Saya di kelas nol besar Taman Kanak-Kanak saat itu. Ketika saya tidak mengenakan seragam yang seharusnya dikenakan. Saya lupa hari apa. Yang pasti seragam tersebut sudah dipakai pada hari sebelumnya. Bapak memarahi saya dengan serius.
Meskipun saya lupa hari apa, namun saya masih ingat ucapan bapak, “Makanya, kalau pulang sekolah langsung ganti baju, jangan langsung bermain. Coba kau macam Arman dan Yoman (anak tetangga sebelah), mereka pulang sekolah langsung ganti seragam. Jadi masih bisa dipakai lagi hari ini….”
Saya tidak ingat kenapa saya menangis saat itu. Apakah karena rasa malu yang besar sebab mengenakan seragam berbeda dengan kawan-kawan. Atau rasa sakit karena bapak dengan terang-terangan memuji anak tetangga di hadapan saya di kala saya tengah lara memendam rasa minder yang membuncah.
Namun satu hal yang saya ingat, posisi kami masih di atas motor, di depan sekolah.
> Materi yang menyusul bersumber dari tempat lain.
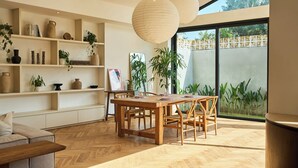 A spacious dining area with a wooden table and chairs, surrounded by shelves with decorative items and plants. - White Villa by Betterplace (Bengkel)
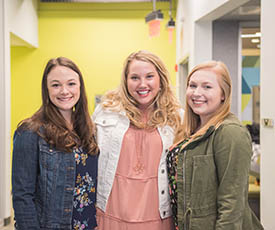 Lauren Joseph, Maggie McCauley and Caite Miller in the Center for Media Innovation. Photo | Nick Koehler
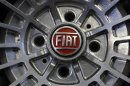 Fiat logo is seen on the wheel of a Fiat car in Turin
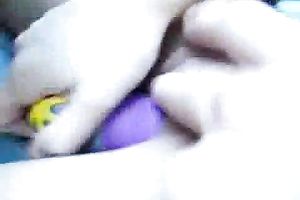 Shameless housewife drives the car during the time that petting her snatch with vibrator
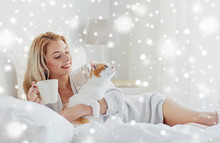 Happy Woman With Coffee And Cat In Bed At Home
Bapak membelakangi saya dan terus meracau, air mata saya serupa hujan. Saya perlahan turun dari motor dengan mata yang kabur.
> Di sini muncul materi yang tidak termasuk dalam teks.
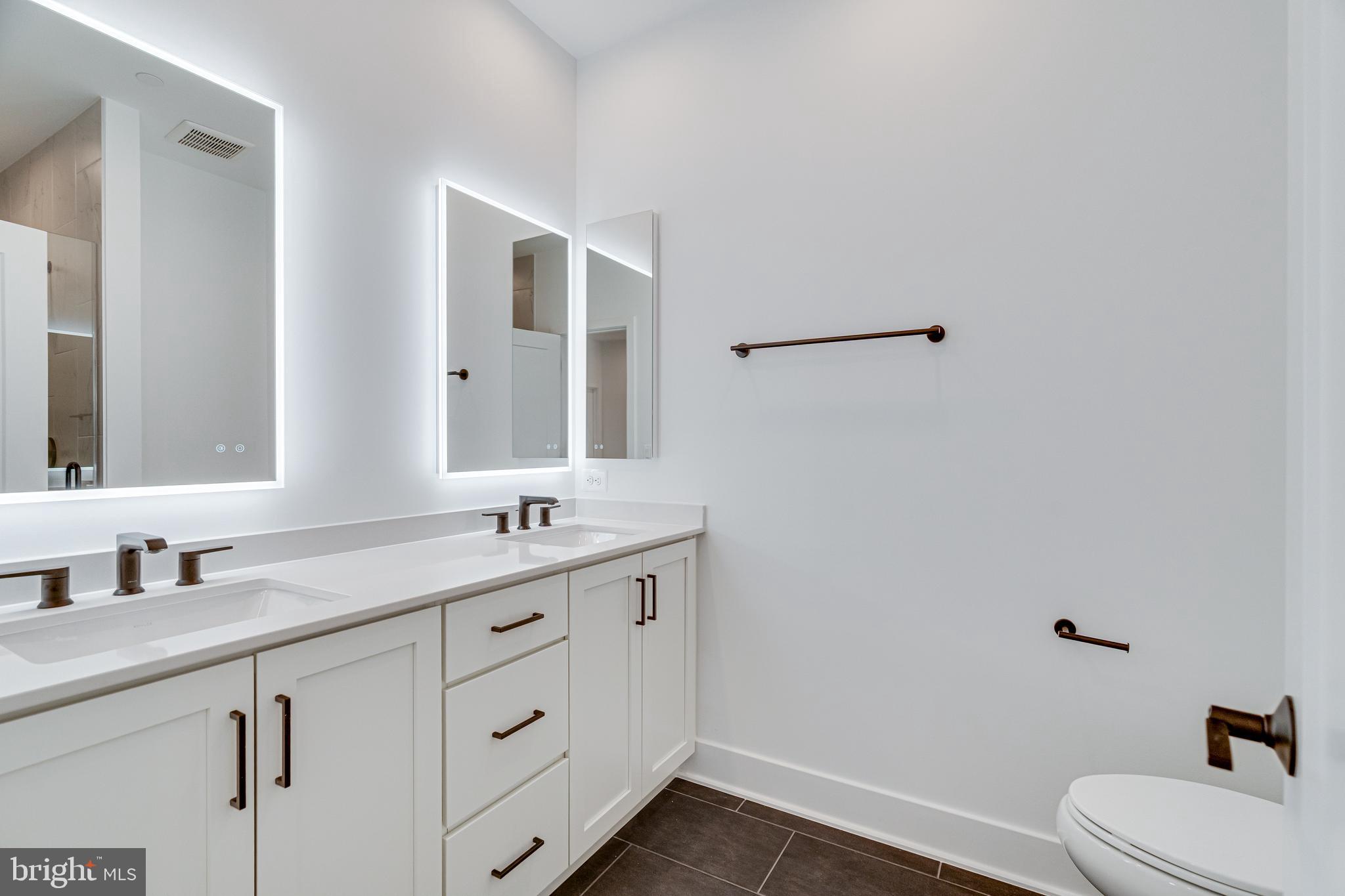2070 Tysons Ridgeline Road Falls Church, VA 22043 - Photo 36 of 57 a bathroom with a granite countertop sink vanity mirror and toilet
Saya tidak sadar bahwa saya turun dari sisi yang salah di mana knalpot berada. Knalpot tentu saja masih membara karena mesin sepeda motor baru saja berhenti. Betis kanan saya menjadi santapan pagi bagi kecerobohan saya, meninggalkan bekas lepuhan yang hingga saat ini masih nyata.
Jejak kasar tentang bagaimana gigihnya saya melewati masa lampau sebab ini hanya salah satu cerita dari sekian kisah tentang kebiasaan membandingkan yang dilakukan berulang-ulang dalam masyarakat kita.
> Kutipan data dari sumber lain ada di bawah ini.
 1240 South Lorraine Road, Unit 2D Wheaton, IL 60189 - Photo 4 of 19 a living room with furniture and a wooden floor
Saya anak sulung dan cucu pertama dari keluarga Ibu. Dalam keluarga mana pun, sulung adalah panutan. Terlepas dari jenis kelaminnya, kuncup atau batang, maksud saya perempuan ataukah laki-laki, anak pertama selalu memiliki bebannya sendiri, tanggung jawab yang ia pikul sejak berada dalam rahim ibu.
Apakah manusia dapat meminta agar ia tidak dilahirkan sebagai orang yang pertama dalam sebuah keluarga? Tentu saja tidak. Karena hanya lagu yang bisa direquest di radio. #eh
Maka, apabila setelah anak pertama lahir dilanjutkan dengan anak kedua, ketiga dan seterusnya, tetaplah menjadi yang pertama dan sempurna. Sebab dia menjadi suri tauladan sejak masih bocah meskpun tidak ada pedoman khususnya. Tuntutan yang menempamu.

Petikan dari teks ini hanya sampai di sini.